Angela Carter's short stories are among the most intensely written stories I have read in a long time, enjoyed as if in four star Paris restaurant you have dreamed of dining at for years. Just don't go into the Kitchen or ask who the odd looking very wealthy old man sitting by himself in the corner might be. As you look about you begin to see the strangeness in this restaurant. Some of the diners are in the garb of Roma royalty, some in rags, some discuss the architecture of Proust, some the best places to find juicy rats, some conduct international affairs on their mobiles, others snarl out their orders just pointing to what they want. Some speak a dozen languages, some none, or at least no human language.
"Wolf-Alice" is one of Salmon Rushdie's favorite stories. In a way oddly parellel to her most read story "The Bloody Chamber" it centers on an odd, secretive wealthy man, a Duke, and a young woman who lives with him in a very strange relationship part fear, part love based on mutual oddness and codependency. The Duke is a vampire but in Carter's hands this rises above a cliche. Alice is a feral child the Duke evidently found with a pack of wolves. She is now maybe in her early teens and canot speak and rarely stands upright. Besides the always exquiste prose of Carter, the best thing,for me, about this story was the intricate relationship between the Duke and Alice. Six wonderful pages.

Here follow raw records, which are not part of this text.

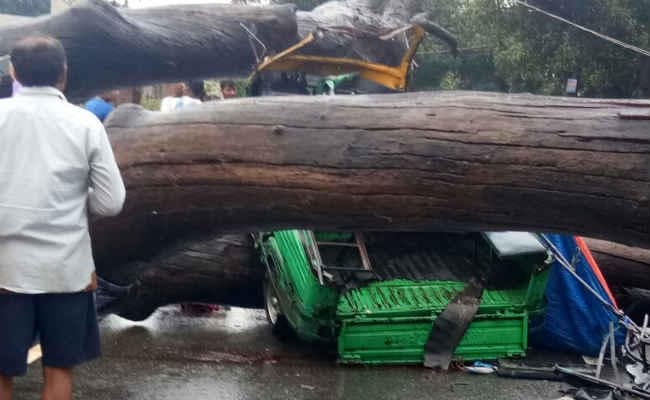 IN PICS : झारखंड में बारिश बनी आफत, रांची में चार मरे, स्कूल बंद, 10 जिलों में अलर्ट, बांधों के फाटक खोले गये, देखें VIDEO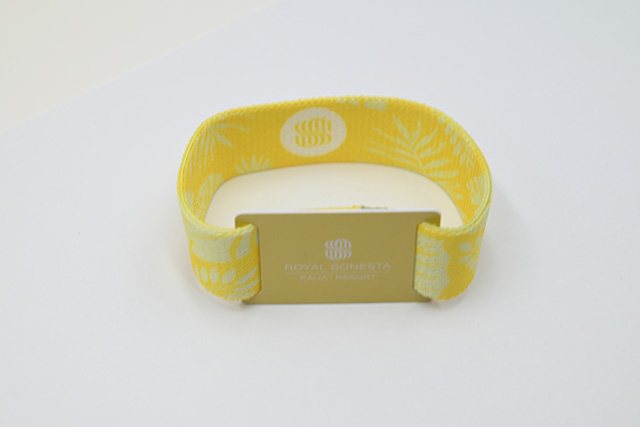 凸码的巨细可以是烫金或烫银，，，，，注重凸码不可笔直排列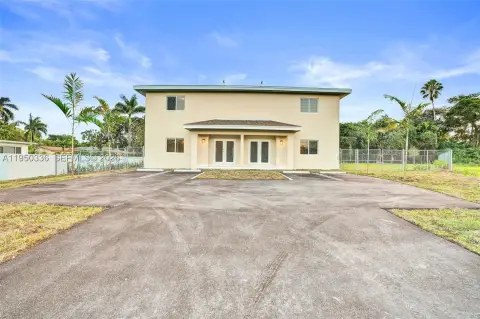 Brand-New Two-Story Duplex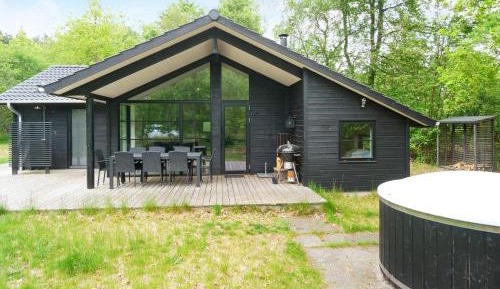 Three-Bedroom Holiday Home 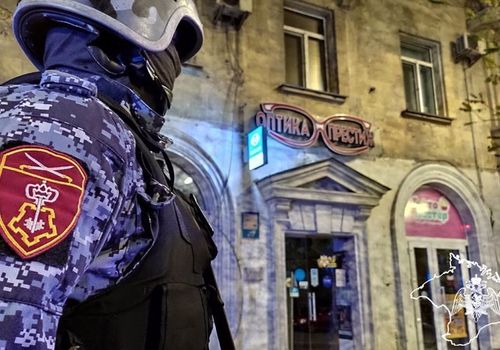 Разбил стеклянную дверь: житель Севастополя ограбил магазин «Оптики»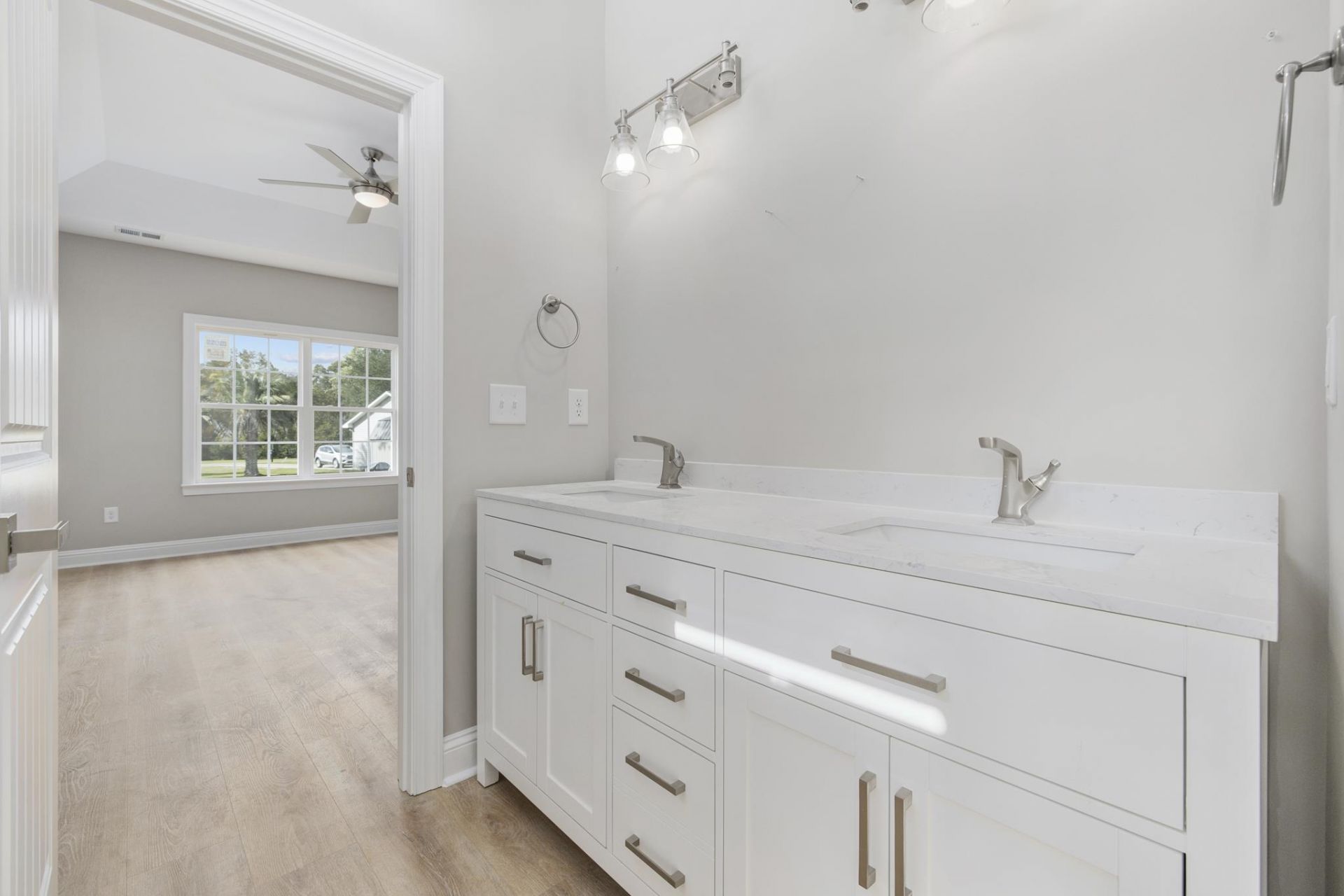 1904 Blue Bird Rd.  Photo 19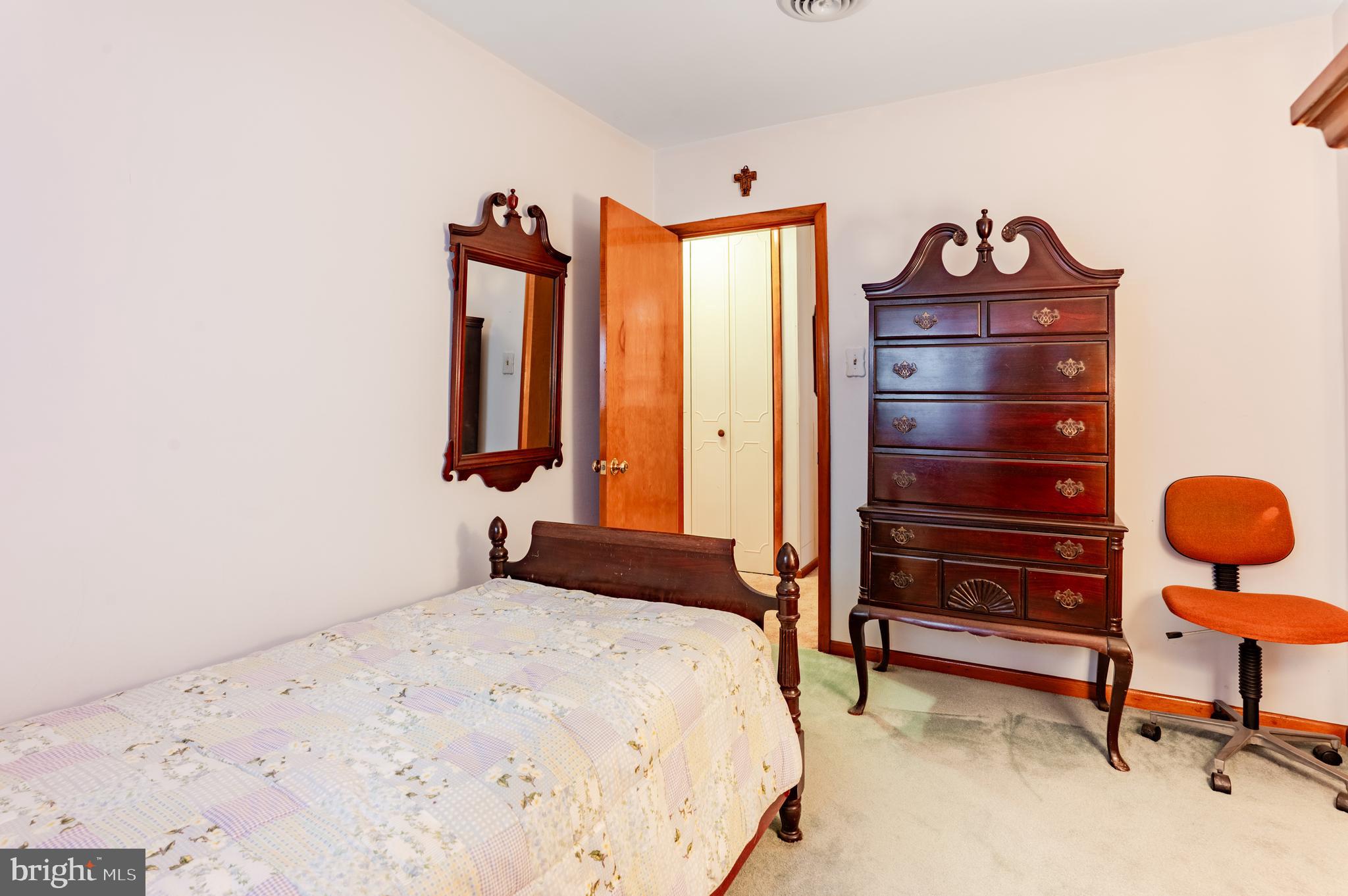 452 EVERGREEN AVENUE 54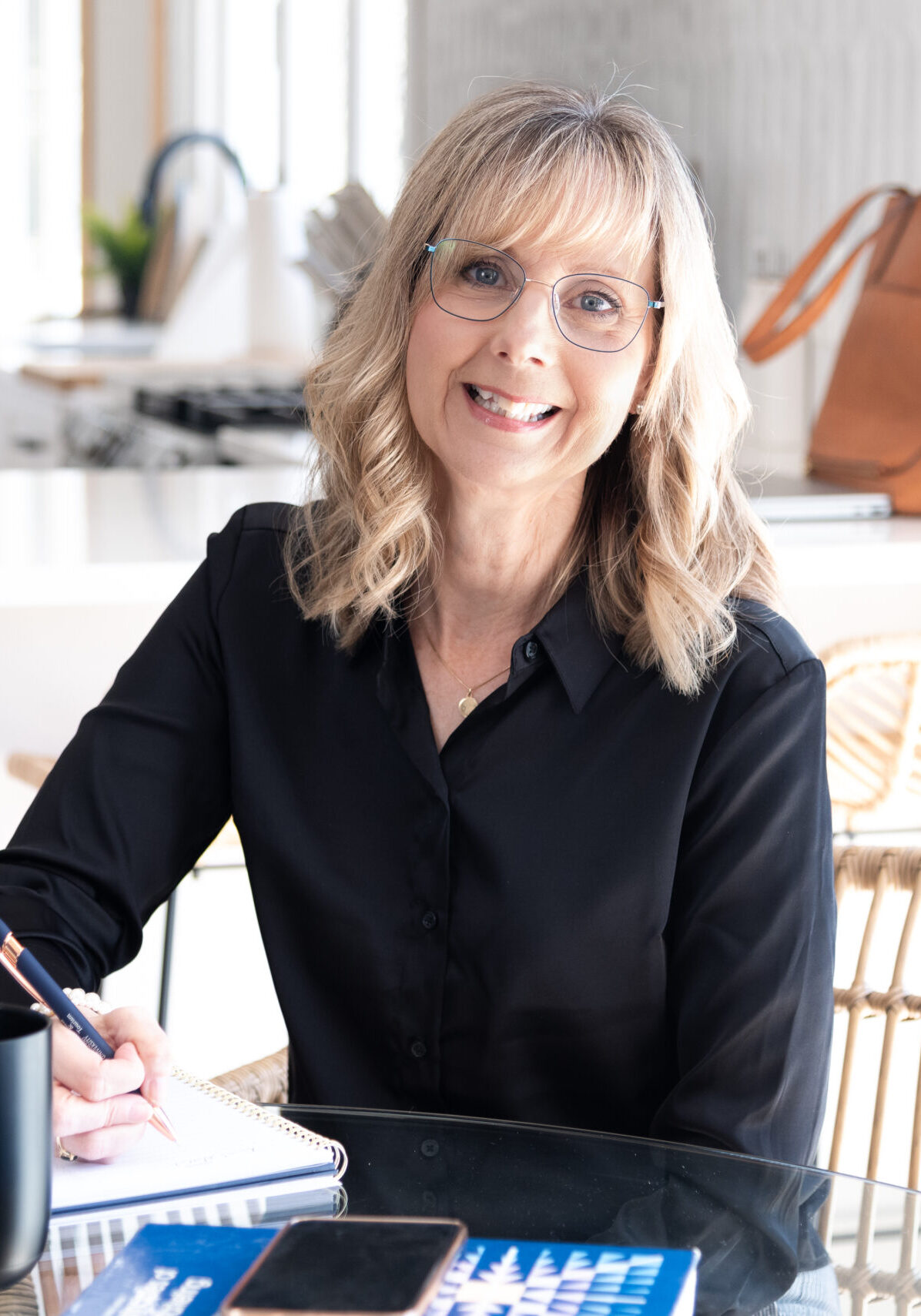 Nicole Gallant, Marketing Strategist for Consultants in Canada.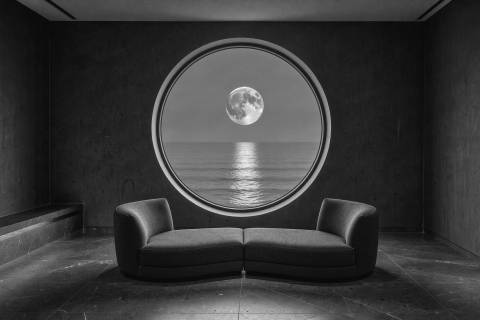Luna en el Ventanal en blanco y negro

I offer my great thanks to Caroline and Dalia for hosting this event which motivated me to read Carter after too long a hiatus.
That's new, I haven't thought about this story as a mirror to The Secret Chamber. Well, at least the characters in Wolf-Alice found a way to co-exist.
I like the comparison to a restaurant and people in it, I've had a similar feeling when reading her stories, nothing is as it seems and you never know where the big surprise will come from. Great review Mel, I really enjoyed it.
Dalia, I was reaching in the restaurant comparison!
I love your restaurant comparison.
I need to re-read this.
Wolf-Alice is one of my favorite stories in The Bloody Chamber.
Wolf-Alice and The Tiger's Bride were favourites of mine - I found the twist of embracing our beastly sides very satisfying.
I'd like to explore the psychology of fairy tales again by rereading Bruno Bettleheim's Uses of Enchantment. This week has certainly been one for delving into the deep, dark tales of our subconscious!